- [Records for the task]

▼

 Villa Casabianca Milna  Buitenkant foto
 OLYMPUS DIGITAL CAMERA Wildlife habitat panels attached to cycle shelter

▲
▼

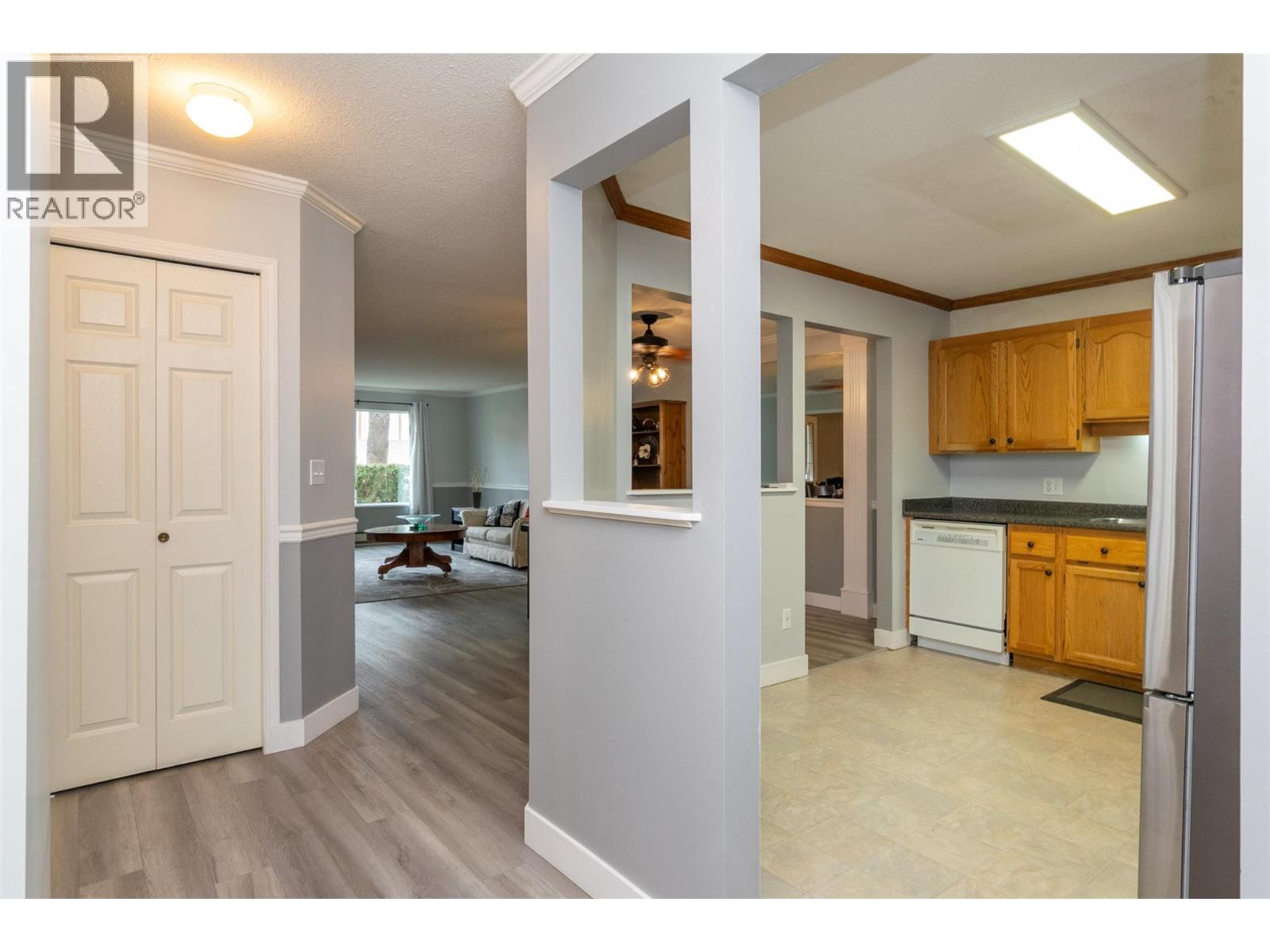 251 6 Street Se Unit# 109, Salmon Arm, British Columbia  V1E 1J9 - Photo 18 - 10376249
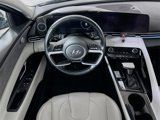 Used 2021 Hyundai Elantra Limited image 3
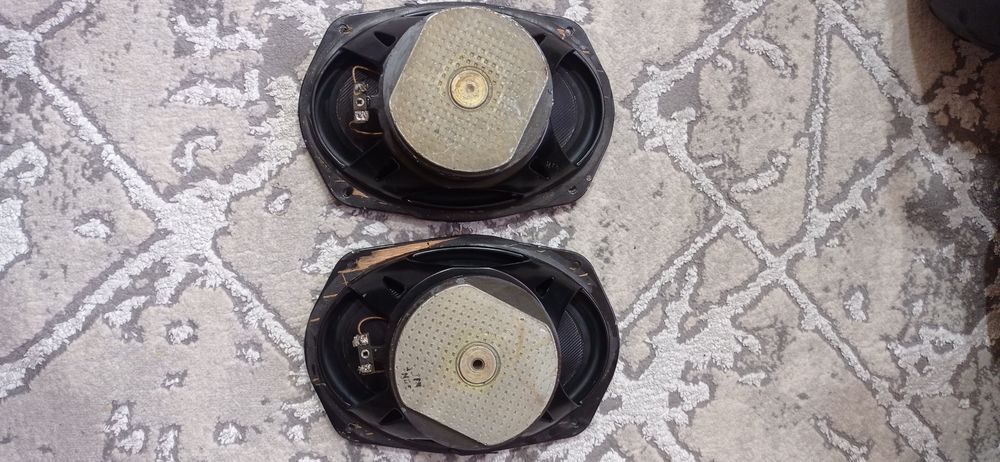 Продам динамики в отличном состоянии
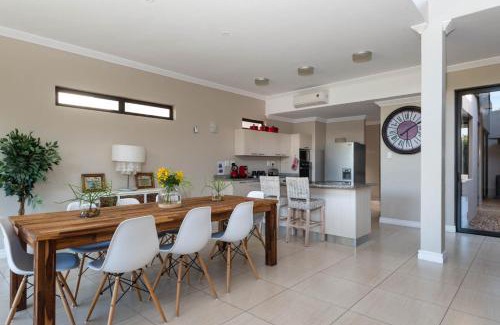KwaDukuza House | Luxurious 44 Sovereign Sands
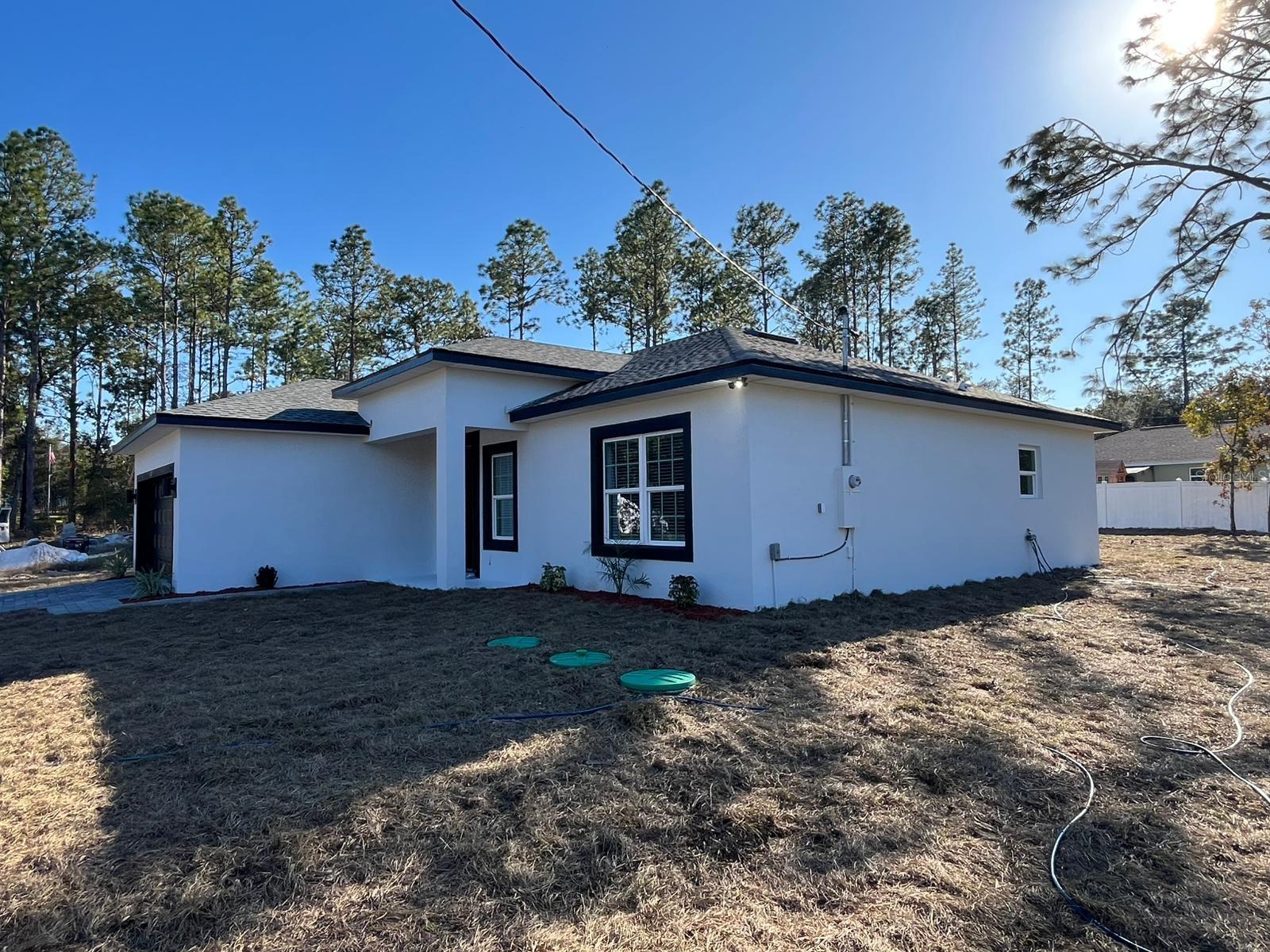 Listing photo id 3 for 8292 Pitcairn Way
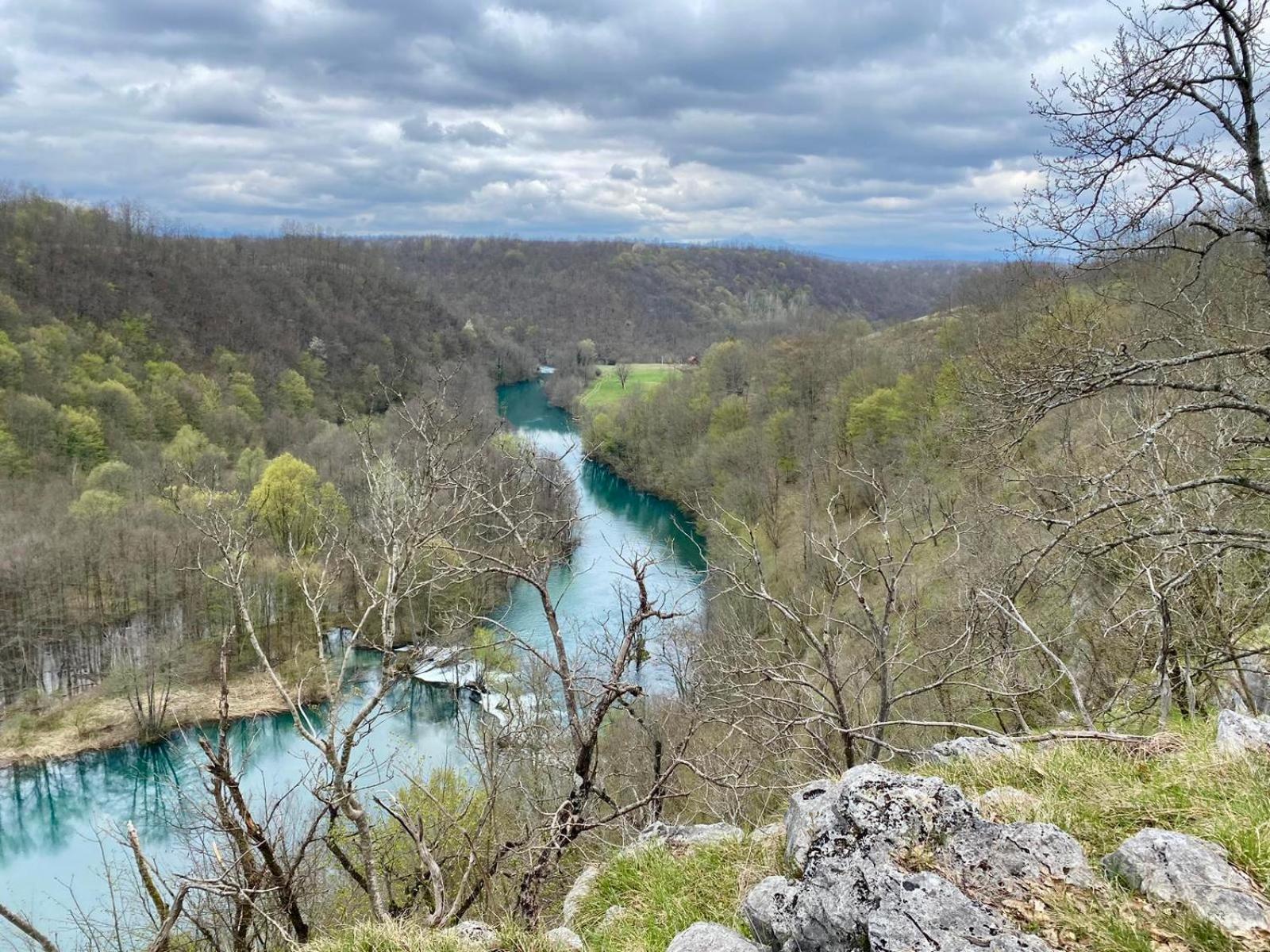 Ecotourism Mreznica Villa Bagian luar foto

▲

- [Exercise]
Could you reproduce, exactly, every line above from the line with "Villa Casabianca Milna" to the line with "OLYMPUS DIGITAL CAMERA", and no other line? Both ends count.

- [Your response]
 Villa Casabianca Milna  Buitenkant foto
 OLYMPUS DIGITAL CAMERA Wildlife habitat panels attached to cycle shelter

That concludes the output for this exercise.